Getting max value in a __m128i vector with SSE?
Asked Answered
G

4

16

I have just started using SSE and I am confused how to get the maximum integer value (max) of a __m128i. For instance:

__m128i t = _mm_setr_ps(0,1,2,3);
// max(t) = 3;

Searching around led me to MAXPS instruction but I can't seem to find how to use that with "xmmintrin.h".

Also, is there any documentation for "xmmintrin.h" that you would recommend, rather than looking into the header file itself?

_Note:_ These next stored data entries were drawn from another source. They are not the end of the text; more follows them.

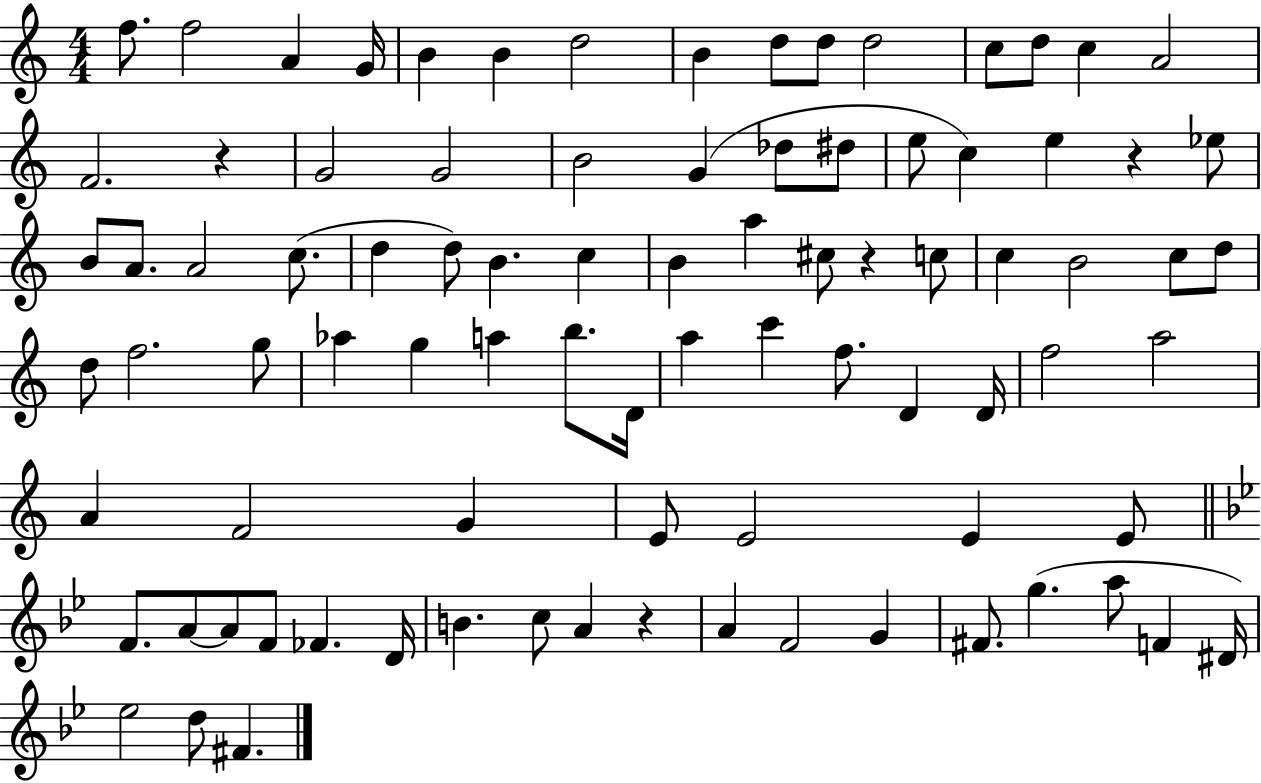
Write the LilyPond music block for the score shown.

{
  \clef treble
  \numericTimeSignature
  \time 4/4
  \key c \major
  f''8. f''2 a'4 g'16 | b'4 b'4 d''2 | b'4 d''8 d''8 d''2 | c''8 d''8 c''4 a'2 | \break f'2. r4 | g'2 g'2 | b'2 g'4( des''8 dis''8 | e''8 c''4) e''4 r4 ees''8 | \break b'8 a'8. a'2 c''8.( | d''4 d''8) b'4. c''4 | b'4 a''4 cis''8 r4 c''8 | c''4 b'2 c''8 d''8 | \break d''8 f''2. g''8 | aes''4 g''4 a''4 b''8. d'16 | a''4 c'''4 f''8. d'4 d'16 | f''2 a''2 | \break a'4 f'2 g'4 | e'8 e'2 e'4 e'8 | \bar "||" \break \key bes \major f'8. a'8~~ a'8 f'8 fes'4. d'16 | b'4. c''8 a'4 r4 | a'4 f'2 g'4 | fis'8. g''4.( a''8 f'4 dis'16) | \break ees''2 d''8 fis'4. | \bar "|."
}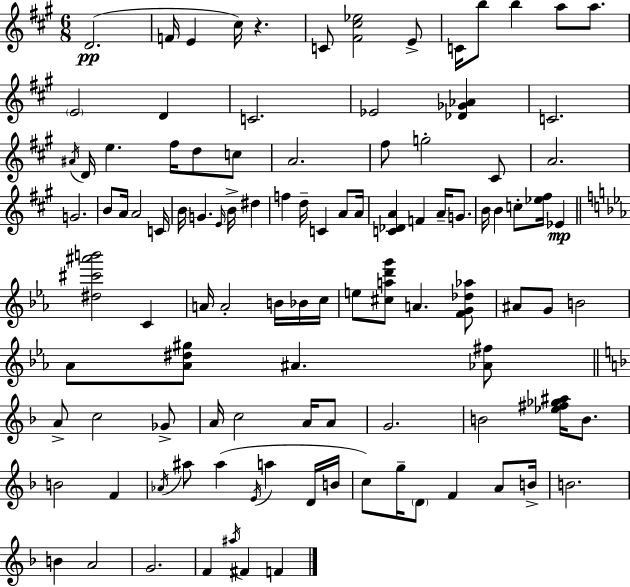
{
  \clef treble
  \numericTimeSignature
  \time 6/8
  \key a \major
  d'2.(\pp | f'16 e'4 cis''16) r4. | c'8 <fis' cis'' ees''>2 e'8-> | c'16 b''8 b''4 a''8 a''8. | \break \parenthesize e'2 d'4 | c'2. | ees'2 <des' ges' aes'>4 | c'2. | \break \acciaccatura { ais'16 } d'16 e''4. fis''16 d''8 c''8 | a'2. | fis''8 g''2-. cis'8 | a'2. | \break g'2. | b'8 a'16 a'2 | c'16 b'16 g'4. \grace { e'16 } b'16-> dis''4 | f''4 d''16-- c'4 a'8 | \break a'16 <c' des' a'>4 f'4 a'16-- g'8. | b'16 b'4 c''8-. <ees'' fis''>16 ees'4\mp | \bar "||" \break \key ees \major <dis'' cis''' ais''' b'''>2 c'4 | a'16 a'2-. b'16 bes'16 c''16 | e''8 <cis'' a'' d''' g'''>8 a'4. <f' g' des'' aes''>8 | ais'8 g'8 b'2 | \break aes'8 <aes' dis'' gis''>8 ais'4. <aes' fis''>8 | \bar "||" \break \key f \major a'8-> c''2 ges'8-> | a'16 c''2 a'16 a'8 | g'2. | b'2 <ees'' fis'' ges'' ais''>16 b'8. | \break b'2 f'4 | \acciaccatura { aes'16 } ais''8 ais''4( \acciaccatura { e'16 } a''4 | d'16 b'16 c''8) g''16-- \parenthesize d'8 f'4 a'8 | b'16-> b'2. | \break b'4 a'2 | g'2. | f'4 \acciaccatura { ais''16 } fis'4 f'4 | \bar "|."
}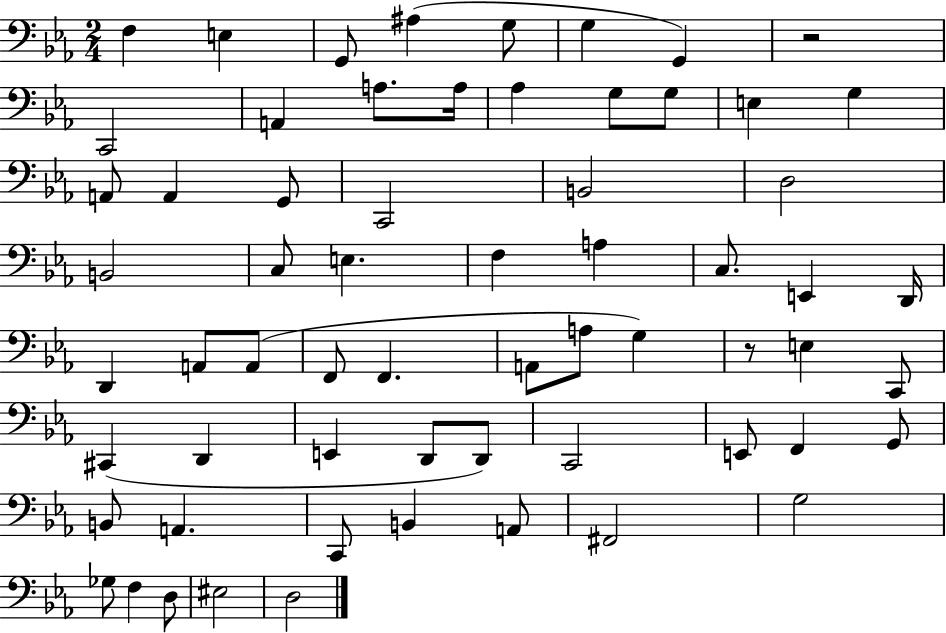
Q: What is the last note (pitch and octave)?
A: D3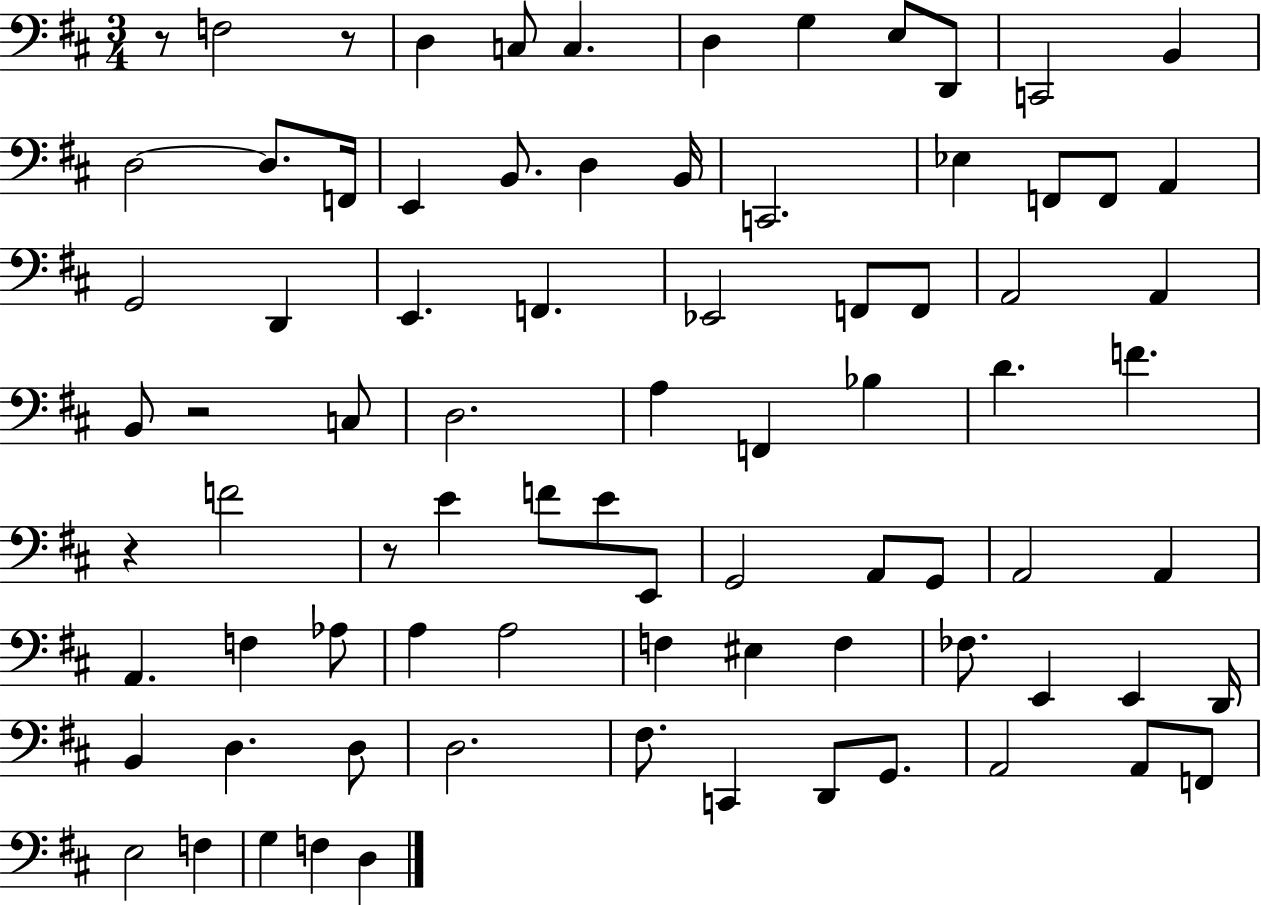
X:1
T:Untitled
M:3/4
L:1/4
K:D
z/2 F,2 z/2 D, C,/2 C, D, G, E,/2 D,,/2 C,,2 B,, D,2 D,/2 F,,/4 E,, B,,/2 D, B,,/4 C,,2 _E, F,,/2 F,,/2 A,, G,,2 D,, E,, F,, _E,,2 F,,/2 F,,/2 A,,2 A,, B,,/2 z2 C,/2 D,2 A, F,, _B, D F z F2 z/2 E F/2 E/2 E,,/2 G,,2 A,,/2 G,,/2 A,,2 A,, A,, F, _A,/2 A, A,2 F, ^E, F, _F,/2 E,, E,, D,,/4 B,, D, D,/2 D,2 ^F,/2 C,, D,,/2 G,,/2 A,,2 A,,/2 F,,/2 E,2 F, G, F, D,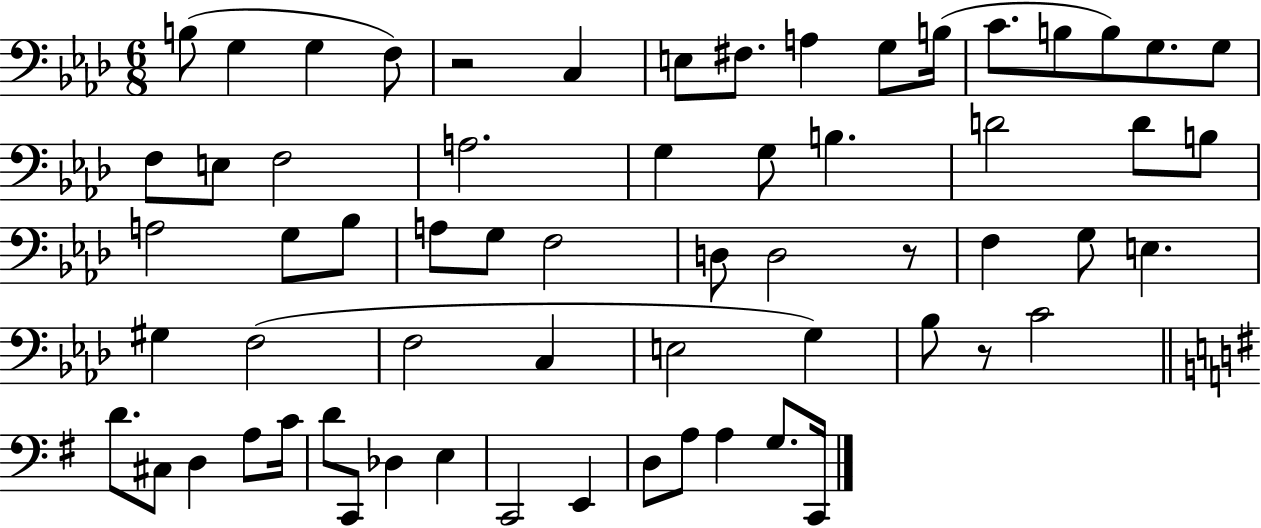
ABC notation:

X:1
T:Untitled
M:6/8
L:1/4
K:Ab
B,/2 G, G, F,/2 z2 C, E,/2 ^F,/2 A, G,/2 B,/4 C/2 B,/2 B,/2 G,/2 G,/2 F,/2 E,/2 F,2 A,2 G, G,/2 B, D2 D/2 B,/2 A,2 G,/2 _B,/2 A,/2 G,/2 F,2 D,/2 D,2 z/2 F, G,/2 E, ^G, F,2 F,2 C, E,2 G, _B,/2 z/2 C2 D/2 ^C,/2 D, A,/2 C/4 D/2 C,,/2 _D, E, C,,2 E,, D,/2 A,/2 A, G,/2 C,,/4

Godfearing answered 26/3, 2012 at 18:32 Comment(2)
The shuffles you need are the same as for a horizontal sum, or pretty much any other horizontal reduction. See stackoverflow.com/questions/6996764/… for some optimized versions for float, integer, and double, with SSE2, SSE3, and AVX. Also discussion of what shuffles are optimal on which CPUs.Behn
This question seems to be confused about float vs. integer. __m128i is an integer vector. *_ps and MAXPS are packed-single float. For documentation, see the SSE tag wiki for links, and many more links at stackoverflow.com/tags/x86/info. One very good resource is Intel's intrinsics search/finder which has details on what each one does, but not as much detail as in the asm instruction reference manual.Behn
C
11

If you find yourself needing to do horizontal operations on vectors, especially if it's inside an inner loop, then it's usually a sign that you are approaching your SIMD implementation in the wrong way. SIMD likes to operate element-wise on vectors - "vertically" if you like, not horizontally.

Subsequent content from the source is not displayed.